W. Sepulreda et al assessed the placental insertion of umbilical cord in 138 specimens by ultrasonography and reported 127(92.02%) normal, 10(7.2%) marginal and 1(0.75%) velamentous type of cord insertion.

Variation (Eccentric, marginal and vlamentous) in the placental attachment of umbilical cord is probably as a result of trophotrophism.

Among 12 battledore placenta, there is history of abortion in 2, type 2 diabetes mellitus in 1, preeclampsia in 1 and anencephaly in 1 specimen.
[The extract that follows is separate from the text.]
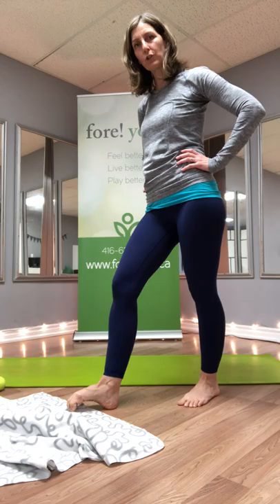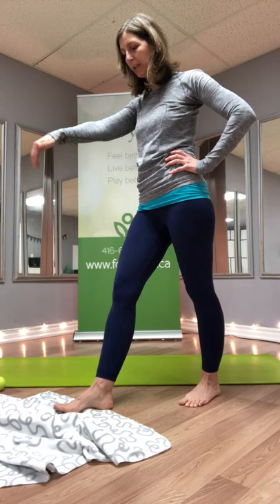You're gathering the blanket towards you — extending your toes, curling them down, and then bringing them towards your heel. Then do the reverse: push away with your toes, trying to push the towel or blanket away from you.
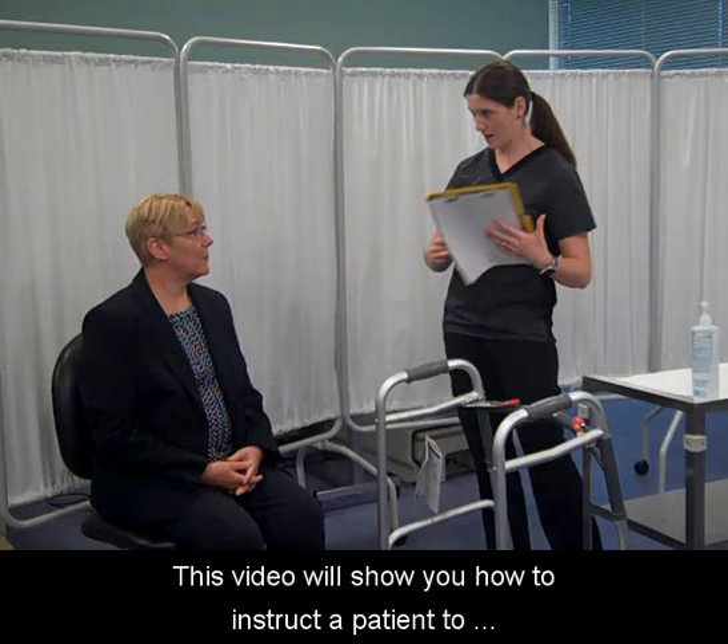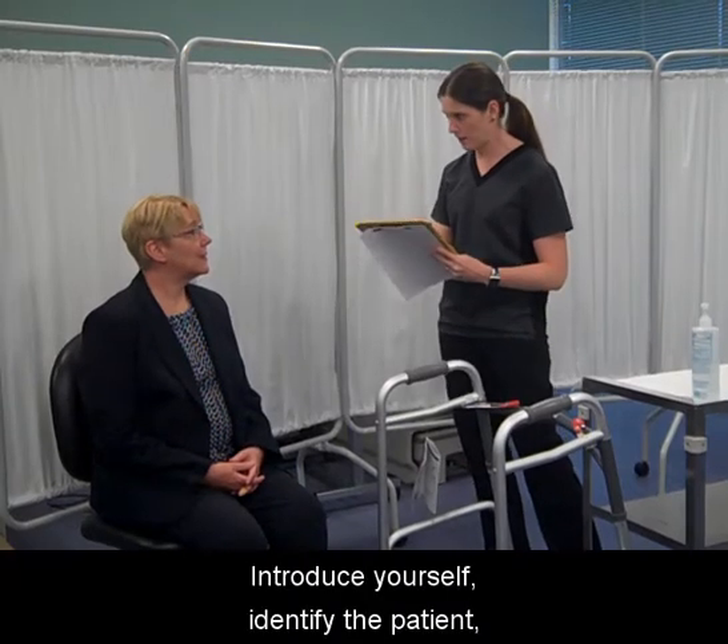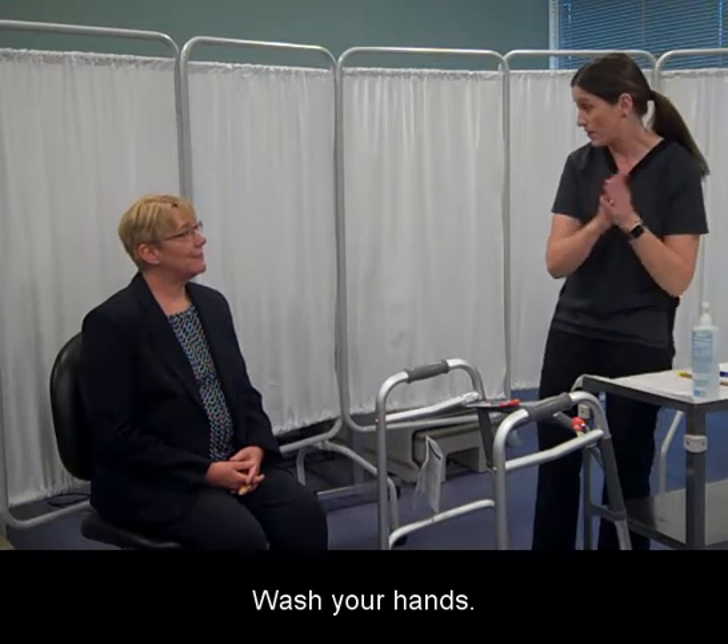This video will show you how to instruct a patient to correctly use a walker. Introduce yourself, identify the patient, and explain the procedure. Wash your hands.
Among 3 velamentos placentae, type 2 diabetes mellitus is associated in 1 case. Battledore placentae were associated with the anomalies of placentae as well as related to abnormal conditions of the mother and foetus.

 

CONCLUSION: Variations in the placental attachment of umbilical cord are associated with abnormalities in the foetus as well as the mother. Early prenatal diagnosis of umbilical cord insertion anomalies gives an insight into the congenital anomalies. Abnormal placental attachments of umbilical cord are one of the causes of intrauterine death of foetus due to tear of umbilical vessels during labour.

Therefore, it is essential that the delivering physician performs a thorough, accurate examination of the placenta and in case of doubt; radiologist or anatomist should be consulted to confirm the diagnosis. Such early examination of the placentae can yield information that may be important in the immediate and later management of mother and foetus.